> _Your objective_
From the line with "91043 Seat Covers" through the final line of the entries below, write out each line exactly and nothing else.

Data excerpts
========
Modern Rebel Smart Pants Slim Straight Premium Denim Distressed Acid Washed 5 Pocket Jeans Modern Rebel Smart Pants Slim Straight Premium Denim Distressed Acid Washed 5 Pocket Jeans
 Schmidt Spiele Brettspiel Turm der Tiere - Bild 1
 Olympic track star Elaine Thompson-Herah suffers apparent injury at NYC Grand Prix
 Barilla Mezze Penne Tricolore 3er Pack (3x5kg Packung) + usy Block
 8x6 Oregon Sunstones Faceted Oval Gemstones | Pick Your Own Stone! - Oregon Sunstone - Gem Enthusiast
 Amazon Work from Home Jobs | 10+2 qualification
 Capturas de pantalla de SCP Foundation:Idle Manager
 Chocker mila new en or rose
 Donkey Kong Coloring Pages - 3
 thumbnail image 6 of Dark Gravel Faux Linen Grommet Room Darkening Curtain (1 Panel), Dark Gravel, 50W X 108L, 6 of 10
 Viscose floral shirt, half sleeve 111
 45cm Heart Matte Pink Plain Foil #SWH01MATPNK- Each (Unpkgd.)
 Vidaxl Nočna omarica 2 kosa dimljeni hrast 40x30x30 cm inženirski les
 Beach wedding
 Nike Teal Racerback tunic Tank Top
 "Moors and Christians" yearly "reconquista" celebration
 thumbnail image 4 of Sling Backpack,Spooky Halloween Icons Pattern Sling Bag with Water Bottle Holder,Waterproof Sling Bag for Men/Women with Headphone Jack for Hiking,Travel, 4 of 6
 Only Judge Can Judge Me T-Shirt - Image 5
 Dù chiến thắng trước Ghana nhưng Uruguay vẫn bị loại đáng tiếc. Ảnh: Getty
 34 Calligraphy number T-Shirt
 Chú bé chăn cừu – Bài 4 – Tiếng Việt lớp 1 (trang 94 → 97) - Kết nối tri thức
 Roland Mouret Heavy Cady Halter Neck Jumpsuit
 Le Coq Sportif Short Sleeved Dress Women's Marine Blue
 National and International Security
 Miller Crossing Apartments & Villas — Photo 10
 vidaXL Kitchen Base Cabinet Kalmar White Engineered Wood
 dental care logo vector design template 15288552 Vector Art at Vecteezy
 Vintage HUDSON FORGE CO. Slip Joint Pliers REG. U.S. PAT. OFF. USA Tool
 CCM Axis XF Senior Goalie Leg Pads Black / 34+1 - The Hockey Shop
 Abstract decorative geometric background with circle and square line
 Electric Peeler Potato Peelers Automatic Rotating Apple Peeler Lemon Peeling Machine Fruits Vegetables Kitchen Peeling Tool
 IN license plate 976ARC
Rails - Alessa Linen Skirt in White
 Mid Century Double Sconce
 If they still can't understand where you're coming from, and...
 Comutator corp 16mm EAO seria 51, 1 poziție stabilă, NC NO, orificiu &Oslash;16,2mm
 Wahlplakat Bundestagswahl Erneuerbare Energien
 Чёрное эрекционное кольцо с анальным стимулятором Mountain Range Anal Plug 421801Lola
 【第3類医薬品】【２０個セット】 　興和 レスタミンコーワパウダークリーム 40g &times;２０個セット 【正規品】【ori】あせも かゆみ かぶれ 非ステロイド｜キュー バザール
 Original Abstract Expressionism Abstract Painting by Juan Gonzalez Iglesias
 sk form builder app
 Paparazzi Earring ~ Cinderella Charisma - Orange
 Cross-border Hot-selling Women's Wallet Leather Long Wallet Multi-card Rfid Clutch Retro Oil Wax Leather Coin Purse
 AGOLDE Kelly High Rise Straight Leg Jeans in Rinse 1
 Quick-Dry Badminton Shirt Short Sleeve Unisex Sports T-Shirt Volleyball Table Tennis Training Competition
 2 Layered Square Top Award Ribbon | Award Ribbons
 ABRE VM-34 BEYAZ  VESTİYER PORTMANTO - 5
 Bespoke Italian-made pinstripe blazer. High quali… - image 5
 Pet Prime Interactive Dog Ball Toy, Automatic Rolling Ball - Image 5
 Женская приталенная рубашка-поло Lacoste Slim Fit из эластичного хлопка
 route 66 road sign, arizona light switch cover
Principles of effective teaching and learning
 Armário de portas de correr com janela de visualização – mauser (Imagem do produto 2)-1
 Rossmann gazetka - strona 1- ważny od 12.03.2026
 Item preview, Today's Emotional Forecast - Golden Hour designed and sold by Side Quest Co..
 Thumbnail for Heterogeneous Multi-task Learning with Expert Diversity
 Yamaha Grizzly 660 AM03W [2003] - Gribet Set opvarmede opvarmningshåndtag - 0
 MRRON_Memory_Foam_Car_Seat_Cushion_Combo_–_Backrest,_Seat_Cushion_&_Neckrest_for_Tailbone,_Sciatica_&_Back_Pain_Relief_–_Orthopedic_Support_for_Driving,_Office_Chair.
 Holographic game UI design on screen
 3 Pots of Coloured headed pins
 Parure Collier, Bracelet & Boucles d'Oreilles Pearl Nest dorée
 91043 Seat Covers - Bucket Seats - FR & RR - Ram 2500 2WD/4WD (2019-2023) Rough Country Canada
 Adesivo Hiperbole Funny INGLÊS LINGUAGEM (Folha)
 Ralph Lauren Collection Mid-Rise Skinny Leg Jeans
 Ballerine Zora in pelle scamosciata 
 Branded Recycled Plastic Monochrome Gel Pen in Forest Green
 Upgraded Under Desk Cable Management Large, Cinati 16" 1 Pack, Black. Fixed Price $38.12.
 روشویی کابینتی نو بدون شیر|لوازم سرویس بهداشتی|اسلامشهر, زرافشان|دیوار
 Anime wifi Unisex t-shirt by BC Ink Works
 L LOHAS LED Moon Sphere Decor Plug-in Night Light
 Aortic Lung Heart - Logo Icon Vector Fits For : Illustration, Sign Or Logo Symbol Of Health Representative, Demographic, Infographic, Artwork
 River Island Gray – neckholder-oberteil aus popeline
========
> _Response_
 91043 Seat Covers - Bucket Seats - FR & RR - Ram 2500 2WD/4WD (2019-2023) Rough Country Canada
 Adesivo Hiperbole Funny INGLÊS LINGUAGEM (Folha)
 Ralph Lauren Collection Mid-Rise Skinny Leg Jeans
 Ballerine Zora in pelle scamosciata 
 Branded Recycled Plastic Monochrome Gel Pen in Forest Green
 Upgraded Under Desk Cable Management Large, Cinati 16" 1 Pack, Black. Fixed Price $38.12.
 روشویی کابینتی نو بدون شیر|لوازم سرویس بهداشتی|اسلامشهر, زرافشان|دیوار
 Anime wifi Unisex t-shirt by BC Ink Works
 L LOHAS LED Moon Sphere Decor Plug-in Night Light
 Aortic Lung Heart - Logo Icon Vector Fits For : Illustration, Sign Or Logo Symbol Of Health Representative, Demographic, Infographic, Artwork
 River Island Gray – neckholder-oberteil aus popeline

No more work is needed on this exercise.